This tutorial is divided into two sections: a “Phylogentic Analysis” in which we use MOTHUR on our raw 454 data of environmental LSU sequences, and an “OTU Analysis” section in which I’ve already used the program CD-HIT-EST to calculate OTUs based on 97% ITS sequence identity. The data used in this tutorial is from fungi found in indoor dust samples from a global sample (see Amend A, S

amson R, Seifert K, Bruns T (2010) Deep sequencing reveals diverse and geographically structured assemblages of fungi in indoor dust. Proceedings of the National Academy of Sciences,

doi:10.1073/pnas.1000454107 for details). We’ve reduced the number of reads to make things simpler.

Finally, MOTHUR can do a lot more than I had time to present in this tutorial, and it is constantly being improved upon and expanded. If this is a

program that you’re planning to use, I urge you to consult the MOTHUR manual

for alternative analysis options and parameters (sections which are indented

below were “borrowed” from this source).

STARTING MOTHUR

In your terminal, navigate to your “FesinFiles” folder. On my machine I type:

crassa$ cd /Users/crassa/Documents/Fesin/FesinFiles

My computer is named “crassa” and the “$” indicates the UNIX prompt, so I don’t

actually type those. The UNIX command “cd” stands for “change directory”. You

can save yourself the trouble of typing the entire path by locating the file in your

“finder” or windows directory and dragging it into your terminal. The path, as if by

magic, appears.

Now that we’re inside the right directory, the easiest way to execute MOTHUR is

by simply indicating the path where you have the MOTHUR executable installed.

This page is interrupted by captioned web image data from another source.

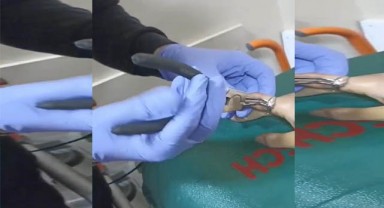 Parmağına yüzük sıkıştı! İtfaiye çıkardı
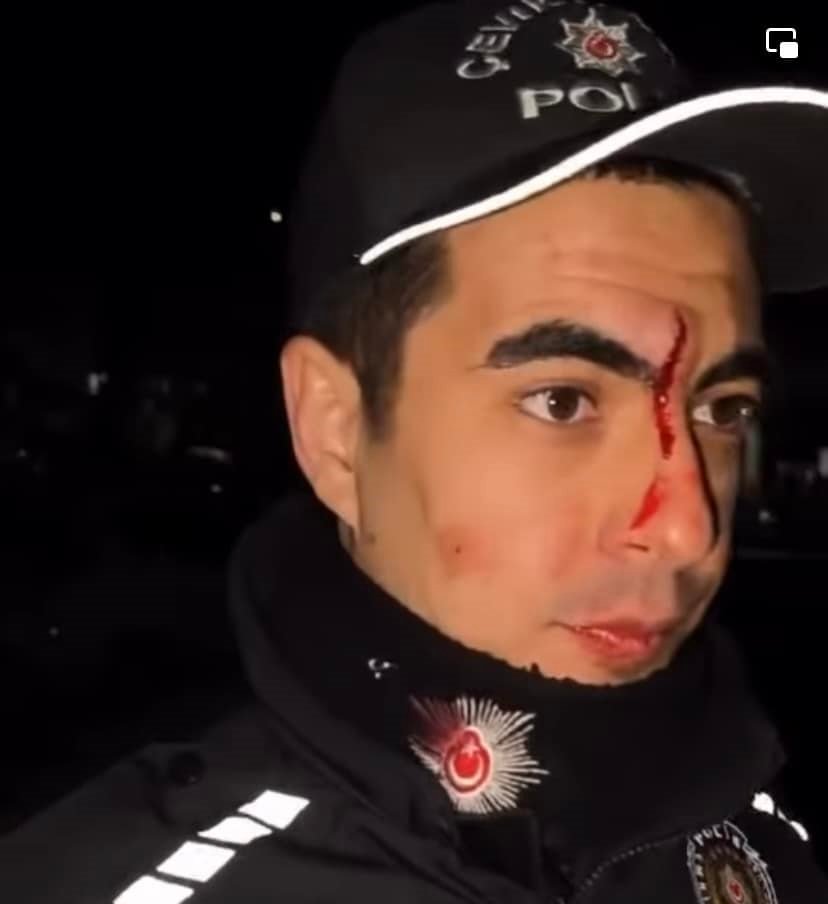 İzinsiz yürüyüşe müdahale eden polise saldırı, 2 gözaltı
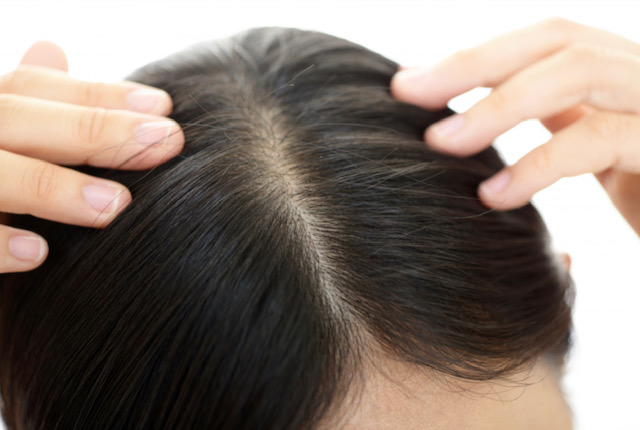 抜け毛が増えるのは頭皮のむくみが原因？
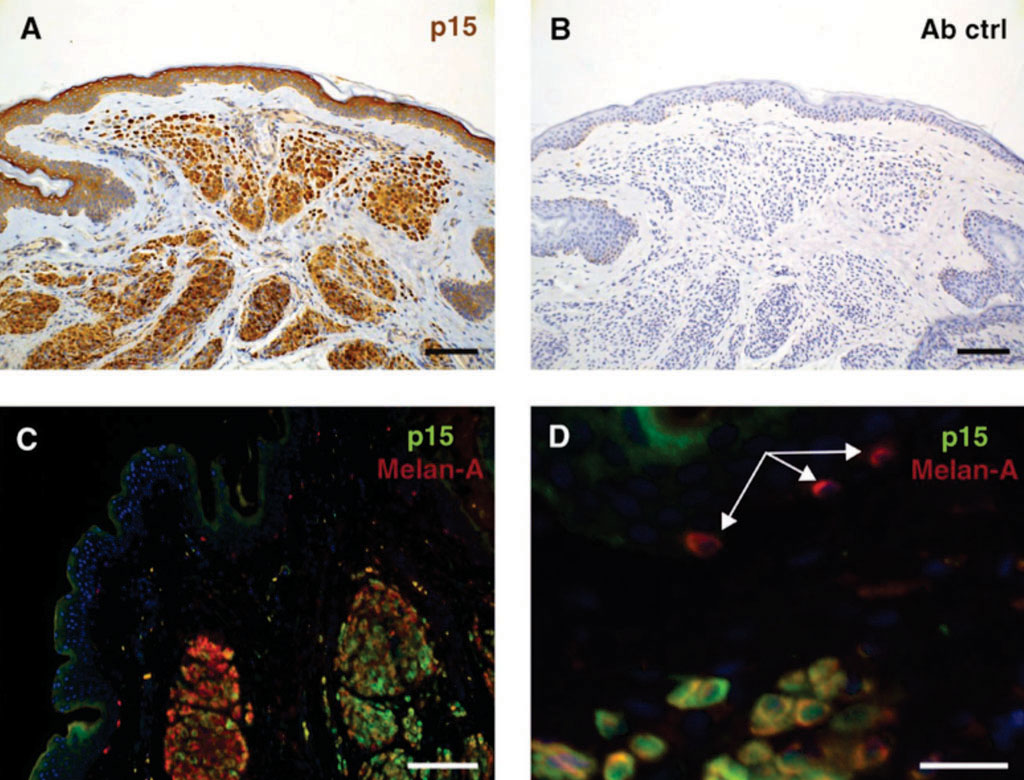 Image: p15 expressed in nevi is a key factor mediating BRAF-induced growth arrest. A, p15 expression in a benign intradermal nevus and B, antibody control C, co-immunofluorescence of p15 and Melan-A in a representative intradermal benign nevus. D, nevus melanocytes express p15, whereas non- nevus melanocytes (white arrows) are p15-negative (Photo courtesy of University of Pennsylvania).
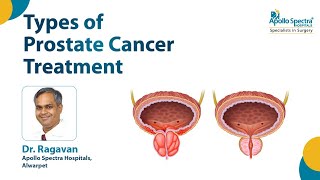 Prostate Cancer – Diagnosis \u0026 Treatment | Dr. N Ragavan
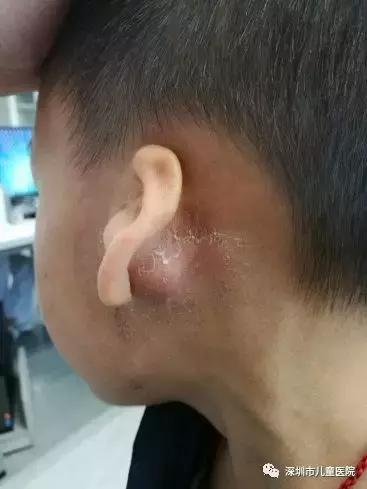 小孩子发烧后耳朵后面长大包,五岁男孩发烧后身上出现红疹子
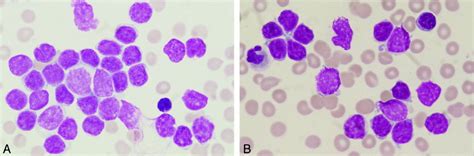 Mantle Cell Lymphoma In Leukemic Phase Wong 1999 Cancer Wiley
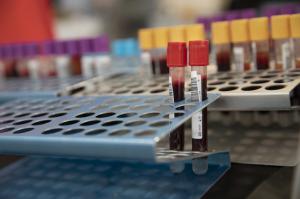 Martorell acogerá dos campañas de donación de sangre en sus hospitales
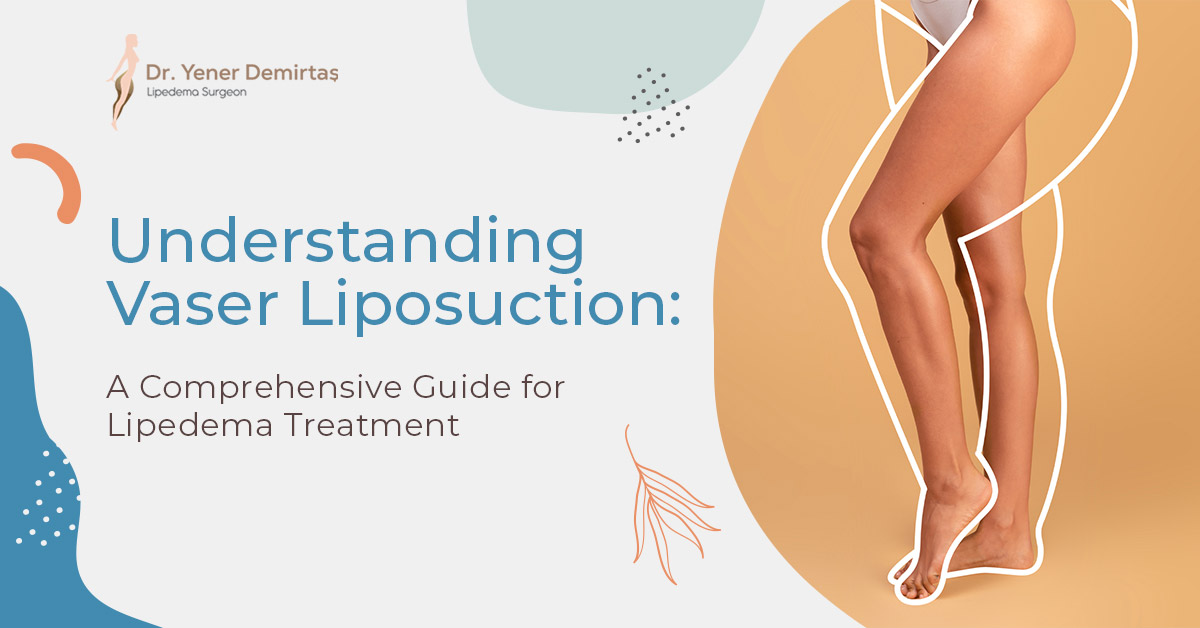 4 Things You Must Know Before a Lipedema Treatment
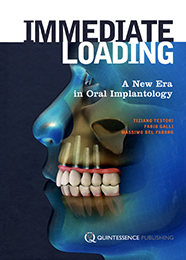 Immediate Loading：A New Era in Oral Implantology(英語版)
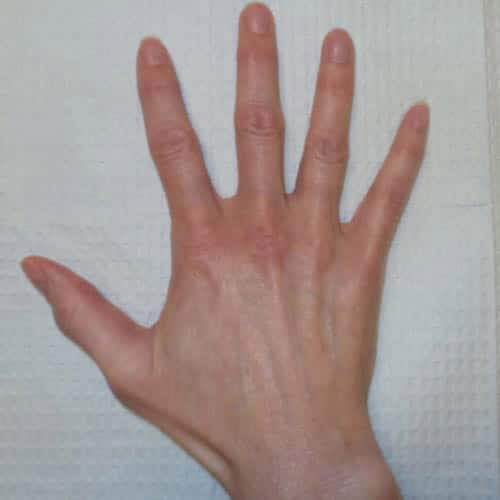 pinski hand rejuvenation radiesse 2 before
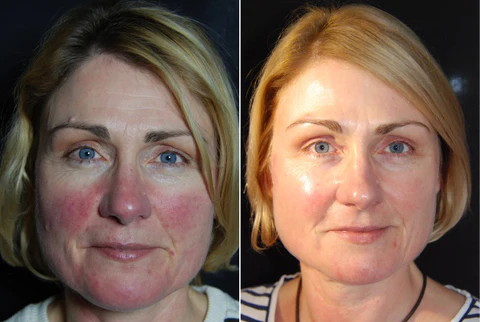 AEXZR™ Rosacea Cure Serum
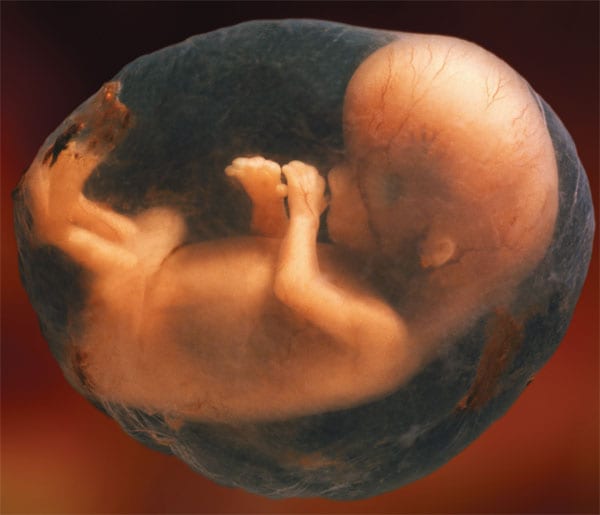 Human Embryo 12 weeks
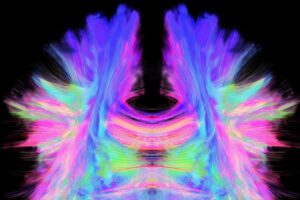 Brain Structure Mapping Alone Fails to Capture Its Functionality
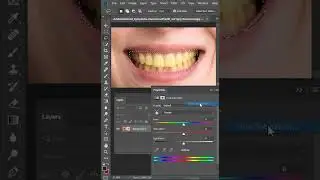 How to Whiten Teeth in Photoshop |  Whiten Teeth | How to remove yellowness, make teeth white.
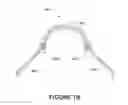 Fig. 89 - ORO-NASAL PATIENT INTERFACE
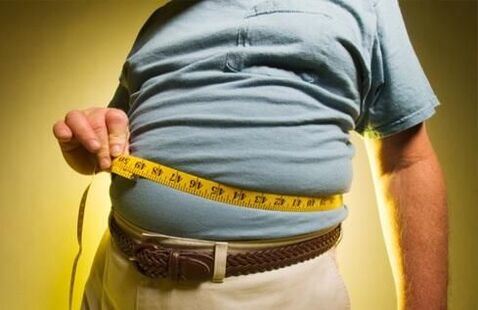 being overweight causes the development of varicose veins
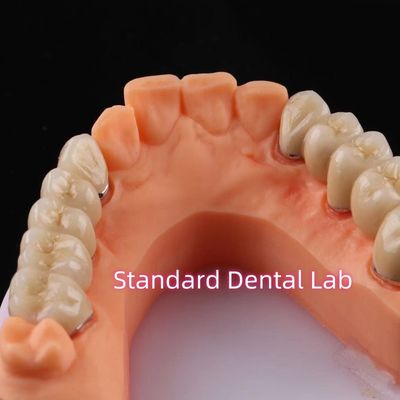 kupować Cyfrowa korona porcelanowa z metali niecennego PFM most dentystyczny produkcja internetowa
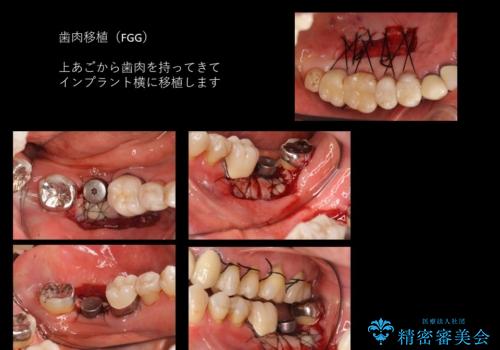 60代女性 奥歯のインプラント の治療中
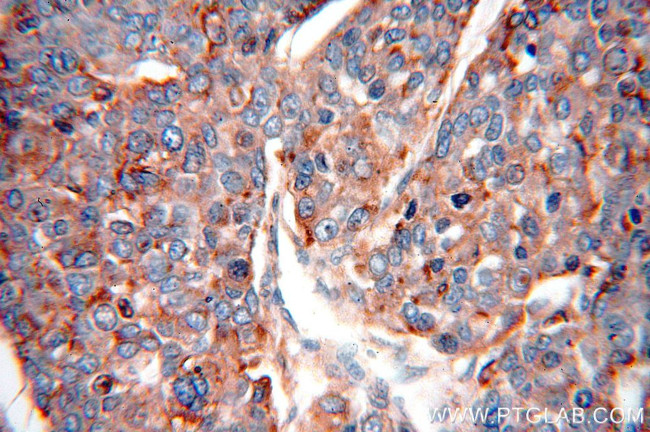 PSAP Antibody in Immunohistochemistry (Paraffin) (IHC (P))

Again it’s pretty easy to do this by finding the file and dragging it in:

FesinFiles crassa$ /Applications/mothur

OK, we’re read to go! MOTHUR will always look for input files from, and will

output files to the directory from which it is executed (FesinFiles in this case) so if

the program can’t find files that you KNOW are there, you should make sure that

you are working from the correct directory.

PHYLOGENETIC (LSU) ANALYSES

There are three files we’ll be using here LSU.fna , LSU.qual, and LSUoligos.

*.fna is equivalent to a fasta sequence file, and *.qual is a quality score file.

These are typical outputs from a 454 run.

Initial processing and clean-up of sequences

Let’s take a quick look at the LSU.fna file using “Summary.seq”

MOTHUR > summary.seqs(fasta=LSU.fna)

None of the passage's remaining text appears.